→ Your goal: Print the lines below from the line with "Image de Evier" to the line with "918-04456 Spindle for" exactly, keeping both ends, and print no pictures.

==== Task data ====

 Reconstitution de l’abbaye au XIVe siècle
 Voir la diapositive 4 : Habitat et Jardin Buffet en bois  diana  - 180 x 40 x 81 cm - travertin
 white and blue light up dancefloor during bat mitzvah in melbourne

====
==== Task data ====

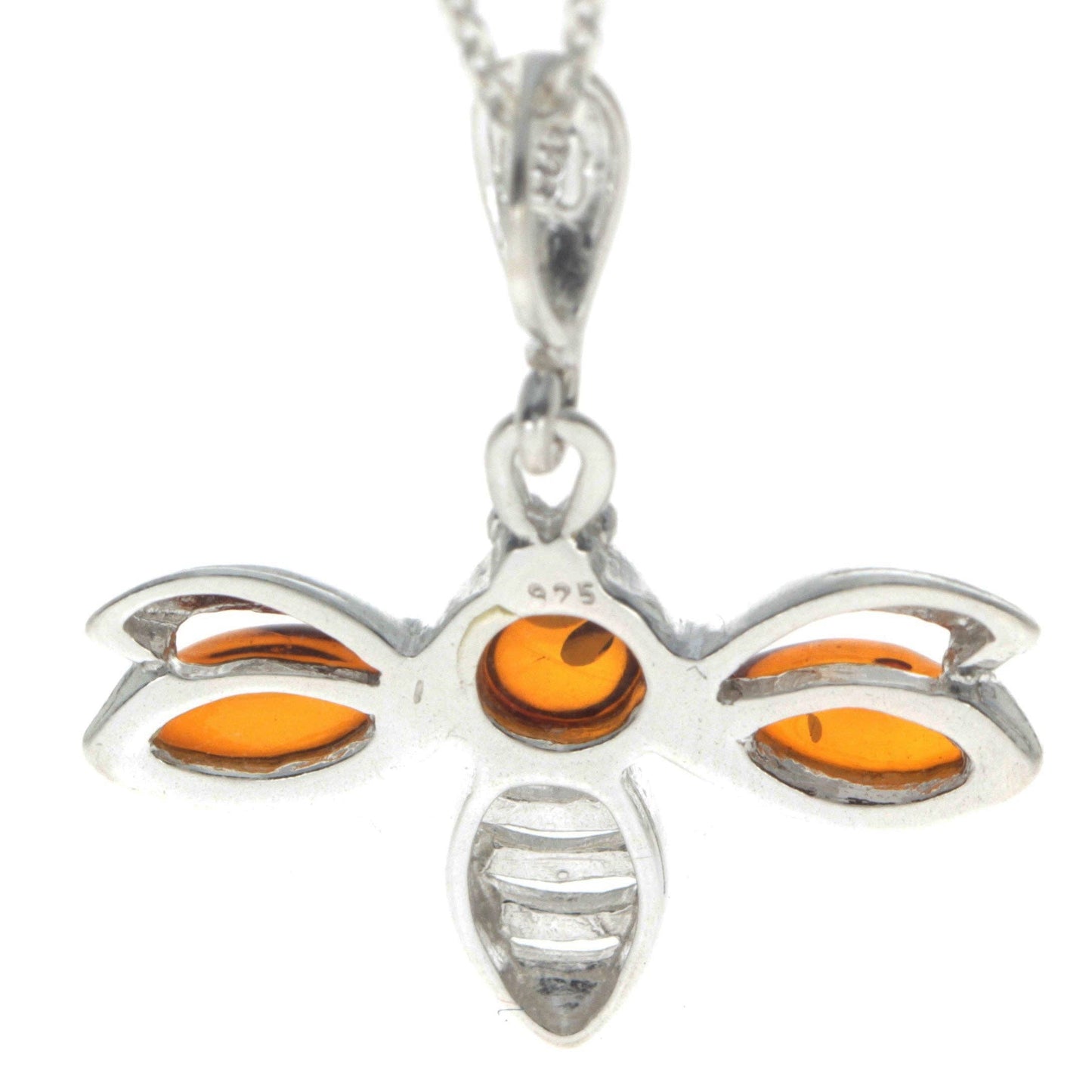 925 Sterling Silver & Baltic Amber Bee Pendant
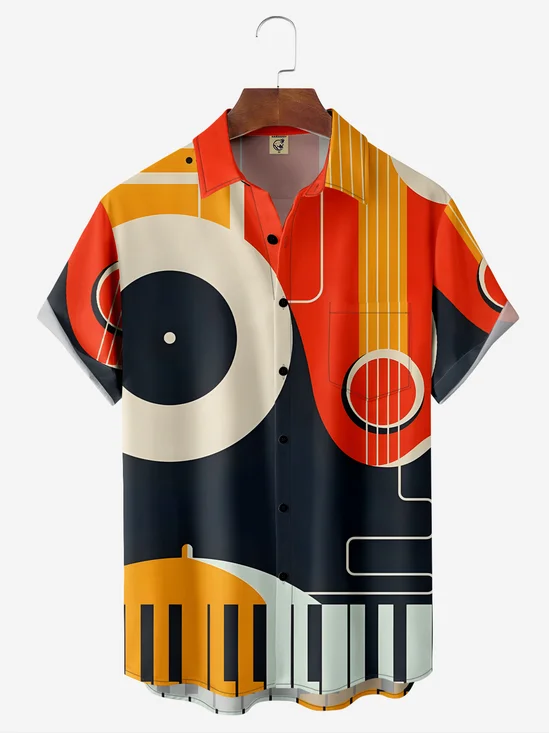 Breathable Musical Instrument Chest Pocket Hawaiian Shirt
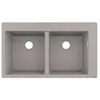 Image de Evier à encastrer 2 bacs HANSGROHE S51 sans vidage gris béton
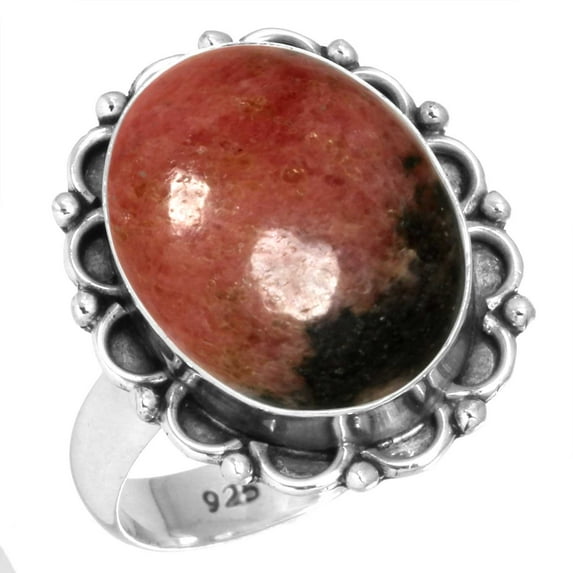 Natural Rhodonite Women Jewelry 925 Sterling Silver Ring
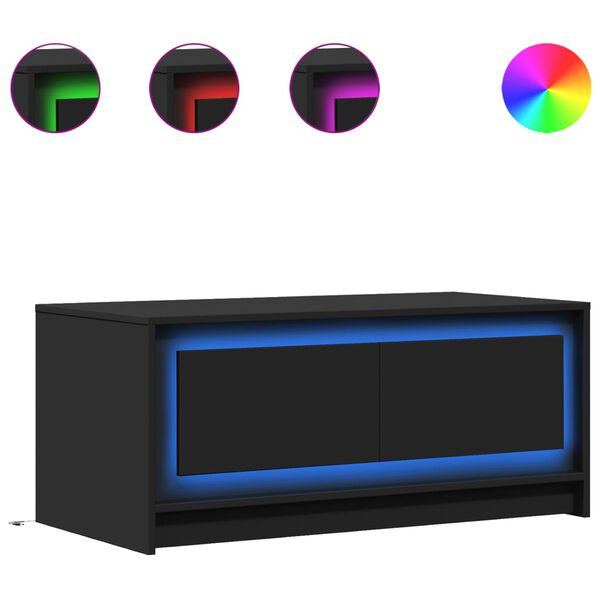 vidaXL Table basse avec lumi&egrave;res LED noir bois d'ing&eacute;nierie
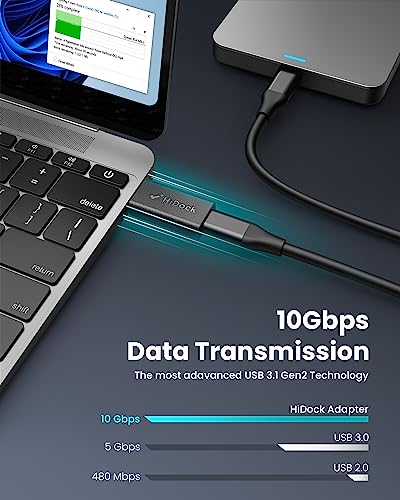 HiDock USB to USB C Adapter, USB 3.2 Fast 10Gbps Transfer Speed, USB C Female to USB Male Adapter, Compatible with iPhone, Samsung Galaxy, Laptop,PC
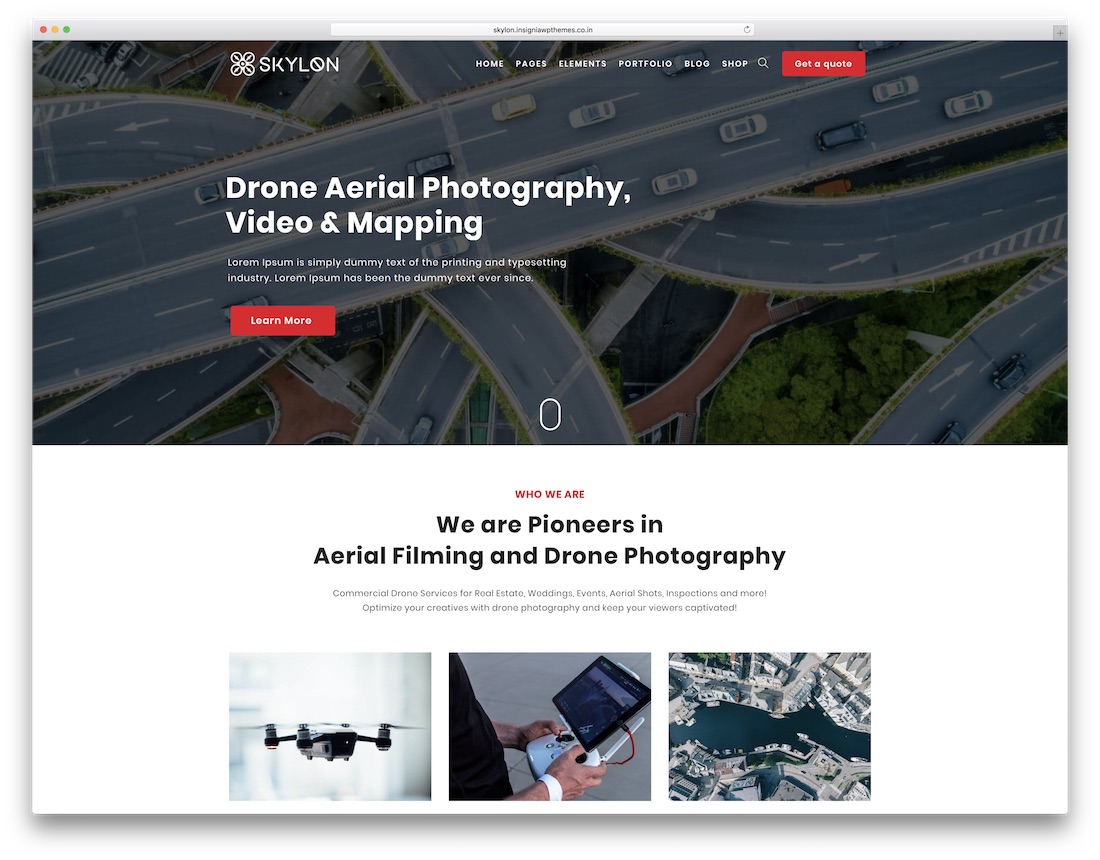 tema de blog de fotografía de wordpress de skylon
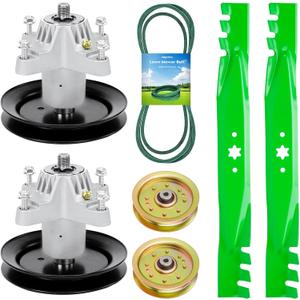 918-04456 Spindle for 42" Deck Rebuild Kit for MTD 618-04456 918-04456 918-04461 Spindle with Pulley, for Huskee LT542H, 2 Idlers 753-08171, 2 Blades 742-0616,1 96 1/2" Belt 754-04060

====

→ Your solution:
 Image de Evier à encastrer 2 bacs HANSGROHE S51 sans vidage gris béton
 Natural Rhodonite Women Jewelry 925 Sterling Silver Ring
 vidaXL Table basse avec lumi&egrave;res LED noir bois d'ing&eacute;nierie
 HiDock USB to USB C Adapter, USB 3.2 Fast 10Gbps Transfer Speed, USB C Female to USB Male Adapter, Compatible with iPhone, Samsung Galaxy, Laptop,PC
 tema de blog de fotografía de wordpress de skylon
 918-04456 Spindle for 42" Deck Rebuild Kit for MTD 618-04456 918-04456 918-04461 Spindle with Pulley, for Huskee LT542H, 2 Idlers 753-08171, 2 Blades 742-0616,1 96 1/2" Belt 754-04060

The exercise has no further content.